— Requirement —
Write out the data exactly from its first line onward, ending with the line in which "8 Piece Garden" appears.
◆ ◆ ◆ ◆ ◆ ◆ ◆
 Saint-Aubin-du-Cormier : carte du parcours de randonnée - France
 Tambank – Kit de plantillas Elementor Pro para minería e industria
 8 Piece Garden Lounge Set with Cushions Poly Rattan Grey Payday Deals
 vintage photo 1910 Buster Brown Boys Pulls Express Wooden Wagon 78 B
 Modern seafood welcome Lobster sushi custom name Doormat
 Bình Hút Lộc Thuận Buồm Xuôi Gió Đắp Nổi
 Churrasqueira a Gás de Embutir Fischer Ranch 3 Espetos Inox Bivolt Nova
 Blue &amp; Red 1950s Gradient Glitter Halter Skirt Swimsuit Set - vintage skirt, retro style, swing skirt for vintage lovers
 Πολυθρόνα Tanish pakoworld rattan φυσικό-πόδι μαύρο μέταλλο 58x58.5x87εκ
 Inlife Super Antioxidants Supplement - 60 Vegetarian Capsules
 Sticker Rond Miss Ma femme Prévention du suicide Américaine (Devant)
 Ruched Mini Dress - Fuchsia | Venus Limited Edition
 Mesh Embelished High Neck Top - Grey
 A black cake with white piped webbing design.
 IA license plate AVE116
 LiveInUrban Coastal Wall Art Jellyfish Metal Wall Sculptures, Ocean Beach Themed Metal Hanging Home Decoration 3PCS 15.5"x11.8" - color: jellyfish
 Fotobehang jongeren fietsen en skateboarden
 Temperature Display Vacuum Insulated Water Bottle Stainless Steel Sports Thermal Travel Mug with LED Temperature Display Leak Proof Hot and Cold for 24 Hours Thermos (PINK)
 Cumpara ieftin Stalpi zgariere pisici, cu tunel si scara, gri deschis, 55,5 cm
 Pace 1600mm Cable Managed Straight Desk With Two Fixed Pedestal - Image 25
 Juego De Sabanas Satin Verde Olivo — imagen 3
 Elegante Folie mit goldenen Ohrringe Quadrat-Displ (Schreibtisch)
◆ ◆ ◆ ◆ ◆ ◆ ◆
— Answer below —
 Saint-Aubin-du-Cormier : carte du parcours de randonnée - France
 Tambank – Kit de plantillas Elementor Pro para minería e industria
 8 Piece Garden Lounge Set with Cushions Poly Rattan Grey Payday Deals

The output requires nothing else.